Bhatt suggests checking out organisations such as WatchBox that specialise in pre-loved watches to get an idea of prices and also as a platform for buying and selling watches.

From watches to wine. “There has been a new wave of investment money coming into the wine market, some of it led by macro factors, such as inflation worries—with wine being seen as a hedge—but also more localised factors such as supply shortages due to weather conditions…” says the Knight Frank report. Sonal Holland, a wine educator and the only Indian to be conferred the Master of Wine title by the UK-based Institute of Masters of Wine, says a lot of people who are passionate about wine investment feel that if they buy a wine at a certain price as part of the futures—even before it is bottled or released to the market—and then if the price appreciates exponentially at the time of its drinking window, they will make a profit. What they typically do is sell a part of it and drink a part of it.

“The profits that they make, in turn, pay for the bottles that they consume. So, passion investing can also end up being about consumption of some of the finest and rarest wines from around the world without a cost,” says Holland. However, she warns that as simplistic as it may sound, one must keep in mind that only some of the very finest wines made around the world are capable of that level of evolution, maturity and price appreciation. Nearly 85 per cent come from Bordeaux and Burgundy, made by some of the most reputed wine producers of those regions, followed by Tuscany and then some Californian wines.

Holland says you need around `10-15 lakh to start off with and then there is the recurring cost of keeping the wine safely and in pristine condition at professional storage units in London or Dubai. “This is for people who actually understand wine. If you don’t, but still want to invest, then take the advice of a professional,” she says, adding that it is not easy to flip or sell a wine collection. “It is called investing in liquid, but it can be the most illiquid investment. So, you need to have patience and be prepared to wait long-term.”
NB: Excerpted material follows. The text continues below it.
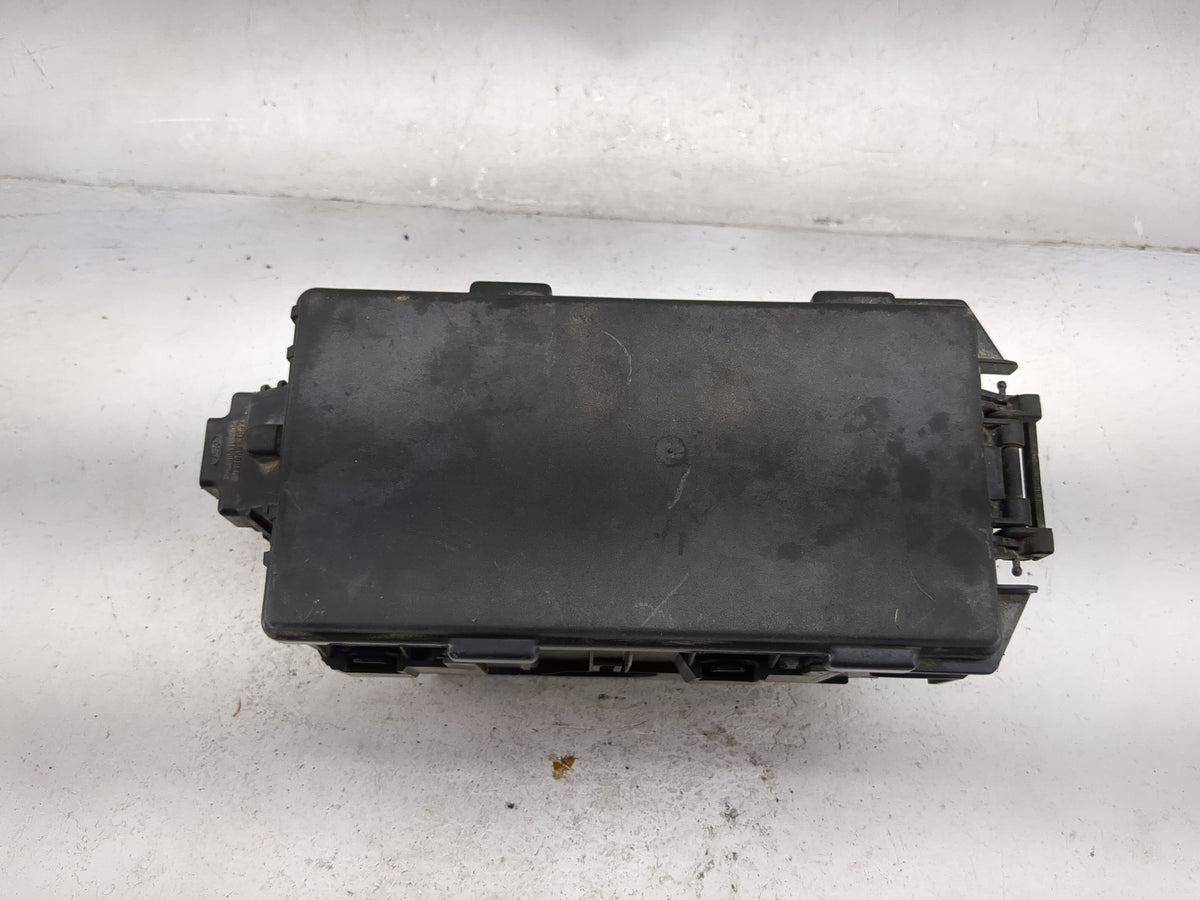 2004-2011 Lincoln Town Car Fusebox Fuse Box Panel Relay Module P/N:4L3T-14A003-AA 5C3T-14B192-AA Fits OEM Used Auto Parts -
Holland invested in the 2009 vintage and her wine is in storage in London. Prices have appreciated, especially after the pandemic and she is making a notional profit. “I haven’t liquidated it yet. I am turning 50 next year and I am thinking of opening a few bottles and drinking it. That’s the problem with passion investing in wine. You are tempted to drink it,” she laughs.

And now from wine to art. According to the Knight Frank Luxury Investment Index, the art market has seen a strong resurgence. “Sotheby’s posted record sales of $7.3 billion in 2021, while Christie’s recorded a five-year high of $7.1 billion,” says the report.

For those looking at investing in Indian artists, Arvind Vijaymohan, Founder and CEO of Artery India, an art asset advisory, suggests that if your risk appetite is low, you should look at investing in modern masters such as V.S. Gaitonde, F.N. Souza, S.H. Raza or M.F. Husain, but then your investment amount needs to be upwards of `1.5-2 crore. “These are all established artists with a 30-year reference point of acceptance and growth. So, there is a reasonable degree of assurance in terms of the investments paying off,” says Vijaymohan. Or you could look at investing in contemporary artists such as Atul Dodiya, Bharti Kher, Subodh Gupta and Jitish Kallat.

“These are safe bets. Their prices have stabilised. However, there is always a risk in buying younger artists as they need to establish their pedigree and their capabilities are yet to be quantified fully.” Then there is the emerging bracket, where your entry point is very low. You could buy something for `10,000-30,000 and up to `2.5 lakh. “While there is no certainty whatsoever in terms of these being valuable investments, the chance of discovering a superstar when the superstar was still fledgeling, are high. If you spot a winner, your upside in terms of it being a capital investment gain is tremendous,” says Vijaymohan.